Going from HTML to XML and back again

I've used server-side packages for websites and I've done hand-coded HTML. Hand-coding is a simple way to start a site that won't have too many pages, but what do you do as the site grows? Suppose you've got a menu along one side that lists all your pages. Every time you add a page, all the pages have to have that menu updated. The usual solution to this is with a handy bit of Javascript for nice dynamic menus (that may or may not pop up an error message with every mouseover) or some PHP to fill in the details as needed. These are both valid. I want a template for the common parts of the page and a source document for the content that populates each unique output page (that is, the static web page that the end user can read). Since I've been monkeying with XSLT lately, I decided to try reworking my pages into an XML based format. My needs are pretty straightforward, so I thought this would be a good learning experience.

I was right.

Since my task was to take some existing HTML documents and rework those as XML, I'll give an example that follows that same approach. Take a site with the following simple documents:
apples.html

<html>
<title>Fruit Review</title>
<body>
<h3>All fruit, All the time</h3>
<div class="review">
Apples come in numerous colours and flavours.
</div>
<div class="menu">
<ul>
<li><a href="apples.html">Apples</a></li>
<li><a href="oranges.html">Oranges</a></li>
<li><a href="sitemap.html">Site Map</a></li>
</ul>
</div>
</body>
</html>

oranges.html

<html>
<title>Fruit Review</title>
<body>
<h3>All fruit, All the time</h3>
<div class="review">
Most oranges come from Florida.
</div>
<div class="menu">
<ul>
<li><a href="apples.html">Apples</a></li>
<li><a href="oranges.html">Oranges</a></li>
<li><a href="sitemap.html">Site Map</a></li>
</ul>
</div>
</body>
</html>

sitemap.html

<html>
<title>Fruit Review</title>
<body>
<h3>All fruit, All the time</h3>
<div class="menu">
<ul>
<li><a href="apples.html">Apples</a></li>
<li><a href="oranges.html">Oranges</a></li>
<li><a href="sitemap.html">Site Map</a></li>
</ul>
</div>
</body>
</html>

These documents are all identical except for the content of the "review" div. That nominates everything outside the review div for inclusion in the XSLT file. I guess you could say that the document surrounding the review is just there to frame the review, which makes it style information. Okay, maybe that's stretching the concept of style, but I think there are much better ways of coming to my conclusion that use a lot of much longer words. Anyhow, you can distill the essentials of these fruit reviews into one XML source document each and handle the decorations in the XSL tranforms.
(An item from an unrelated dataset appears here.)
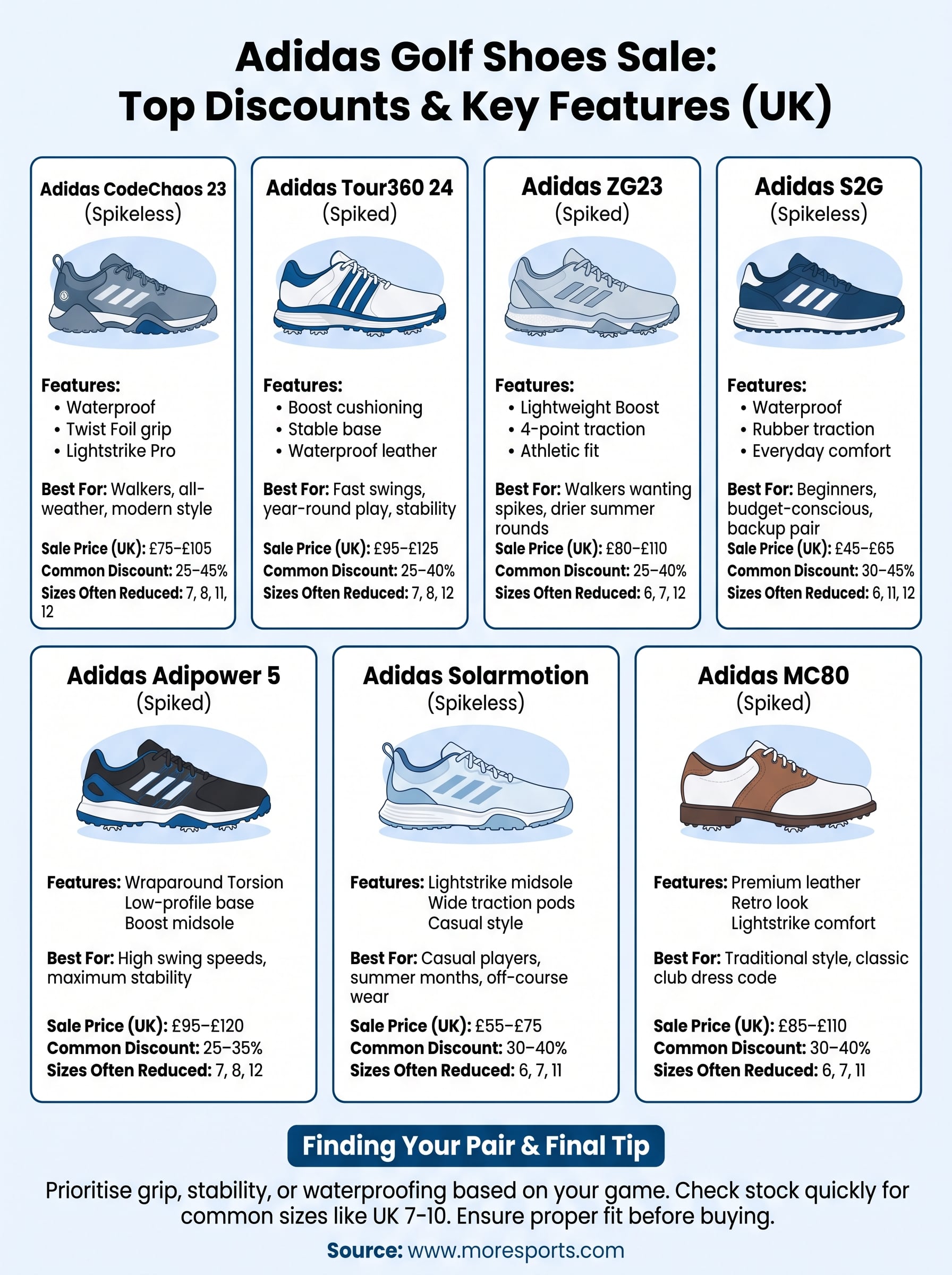 sale adidas golf shoes infographic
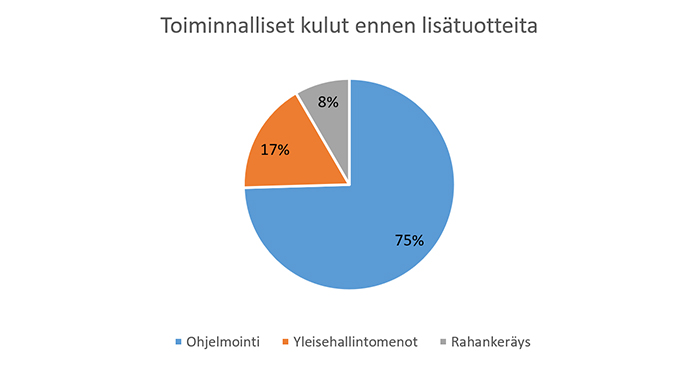 2020 Toiminnalliset kulut ennen lisätuotteita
The "distilling" step can be tedious, but it's worthwhile since sitewide changes to those non-content items (the menu, ads, headers and footers, etc) will get easier. It's also less work for you than it was for me since I'm telling you how to do it. The XSLT that would do the trick looks like this:
fruitreview.xsl

<xsl:stylesheet xmlns:xsl="http://www.w3.org/1999/XSL/Transform" version="1.0"
xmlns:xhtml="http://www.w3.org/1999/xhtml">

<xsl:output method="html"
version="1.0"
doctype-system = "-//W3C//DTD XHTML 1.0 Transitional//EN"
doctype-public = "http://www.w3.org/TR/xhtml1/DTD/xhtml1-transitional.dtd"
/>

<xsl:template match="docroot">

<html>
<title>Fruit Review</title>
<body>
<h3>All fruit, All the time</h3>

<xsl:apply-templates select="review"/>

<div class="menu">
<ul>
<li><a href="apples.html">Apples</a></li>
<li><a href="oranges.html">Oranges</a></li>
<li><a href="sitemap.html">Site Map</a></li>
</ul>
</div>

</body>
</html>
</xsl:template>

<!-- the review - the main content of the document -->
<xsl:template match="review">
<!-- insert the value of the node, don't turn < into &lt; -->
<!-- even with this, html must be enclosed in <![CDATA[...]]> -->


<div id="content">
<xsl:value-of select="." disable-output-escaping="yes" />
</div>
</xsl:template>

</xsl:stylesheet>

Next trim out the repeated parts of the HTML documents and tag the remaining HTML with the XML tags that the XSL transforms will recognize.
apples.xml

<?xml version="1.0"?>
<docroot>
<review>
Apples come in numerous colours and flavours.
</review>
</docroot>

oranges.xml

<?xml version="1.0"?>
<docroot>
<review>
Most oranges come from Florida.
</review>
</docroot>

sitemap.xml
<?xml version="1.0"?>
<docroot>
<review>
Most oranges come from Florida.
</review>
</docroot>

Notice that sitemap.xml really has nothing in it. There's no review, so that part of the transform does nothing with sitemap.xml. All the documents become significantly shorter which helps us focus on the real content that we're producing, rather than wading through the tags. In my case, I can now add documents by writing them using HTML and the XML tags that my XSLT will recognize. After finishing a new document, I add it to the list in the XSLT and run the transform on all my documents (using a script or batch file). Of course this doesn't automate everything or do all that I can with XML, but it does make a great transitional step froma hand-coded HTML site towards a purely XML driven site. Taking small steps like this allows me to continue producing content while scaling the size of my site. The next steps from here would be to make XML tags for the document title and maybe some shortcut tags for style blocks.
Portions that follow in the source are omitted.